Entre o sujeito e o predicado há o verbo, a ação. Entre a tapioca e o coco: queijo coalho. Entre o sonho e a realização há a coletividade. Entre a lua cheia e o mar há Iemanjá. Entre a embalagem e o pão de queijo há polvilho. Entre o cinema e o filme há pipoca. Entre este eu e todos os outros há múltiplas personalidades. Entre a canção e o violão há cifras. Entre as estrofes, não há nada necessariamente, há tudo sempre.

Há sempre algo que não sou eu, que não é você, que nos é inteiriços e por partes, sendo maior que nossa soma, entre nós dois. Há sempre algo que só existe porque nós existimos, mas que a partir de nosso encontro, do toque, da descoberta, do compartilhamento, ganha vida própria, evoca sentimentos, faz dançar os sorrisos e as divindades. Há sempre um segredo, um sussurro, um tilintar no meio da noite, um sol se retirando, uma porta entreaberta. É como o beijo. Há sempre mais que duas bocas, diferentes amilases salivares, duas línguas. Há o beijo propriamente, o beijo que está sendo, que faz falta, que – claro – só existe porque a ele nos dispusemos, mas que transborda. O beijo transborda as margens de Oxum, nossas propriedades sobre ele. O beijo não tem donos, arrendatários, hipotecários. O beijo é mais do que seus criadores, mais do que criatura.

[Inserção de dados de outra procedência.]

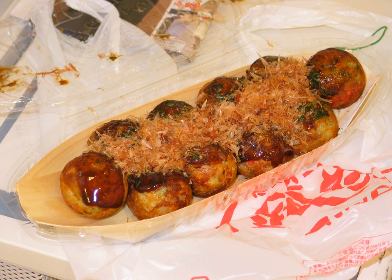Takoyaki is a ball-shaped Japanese snack made of a wheat flour-based batter and cooked in a special molded pan. It is typically filled with minced or diced octopus, tempura scraps, pickled ginger, and green onion. Takoyaki are brushed with takoyaki sauce and mayonnaise, and then sprinkled with green laver and shavings of dried bonito.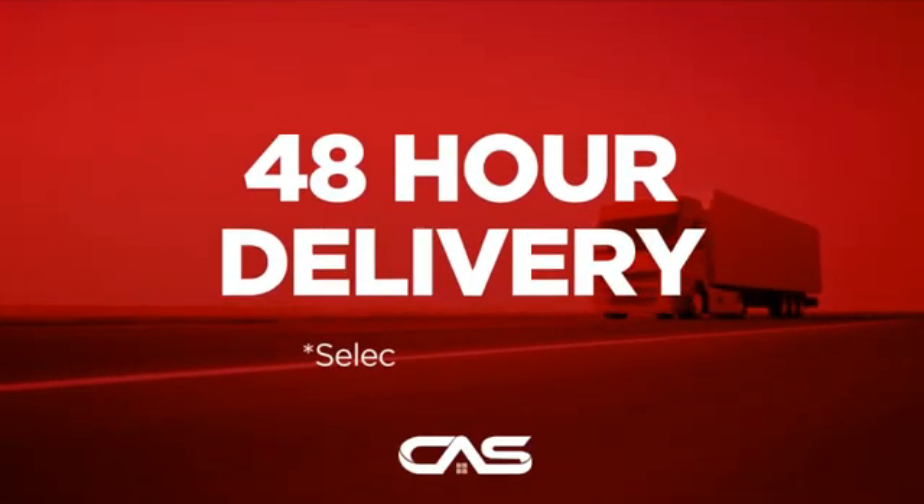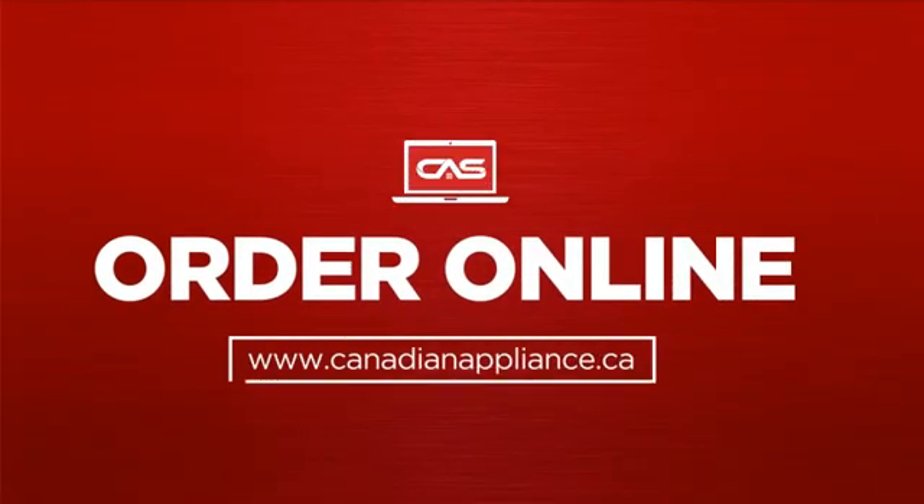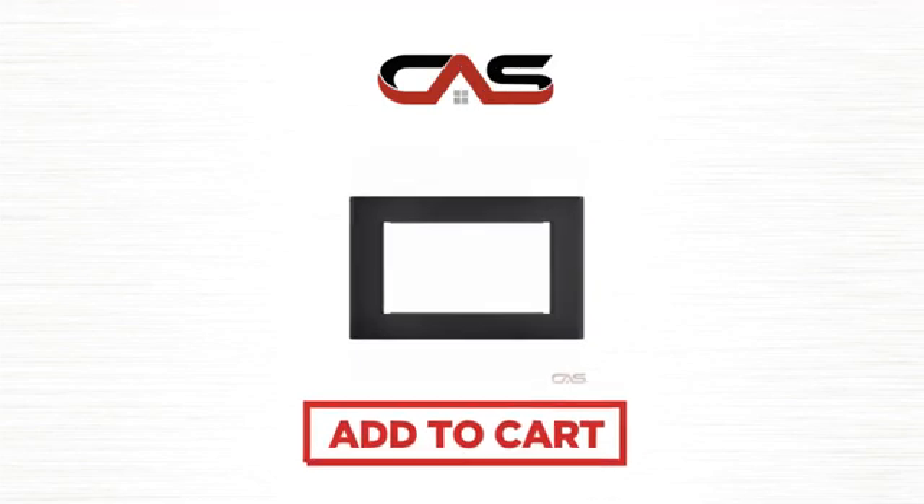Plus, it can be delivered within 48 hours. Order online or get it at one of our showrooms in Canada. So click to order now or check out our hot deals at Canadian Appliance Source.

Há um sentimento de mundo entre o que é vivo, entre o que requer, entre o que cria poesia. Há um vínculo para além da participação fundamental de cada um considerado individualmente. Há um amor que só se explica nas simbioses, que supera as particulares necessidades. Há entre nós – o povo, as gentes – algo que necessita, que se interessa, que sente, que grita, que luta, que liberta. Há entre nós a ânsia pela coletividade. Há entre nós um ser que só é porque está sendo entre pessoas, entre mundos, entre sentires, entre versos. Há esperança nas entrelinhas.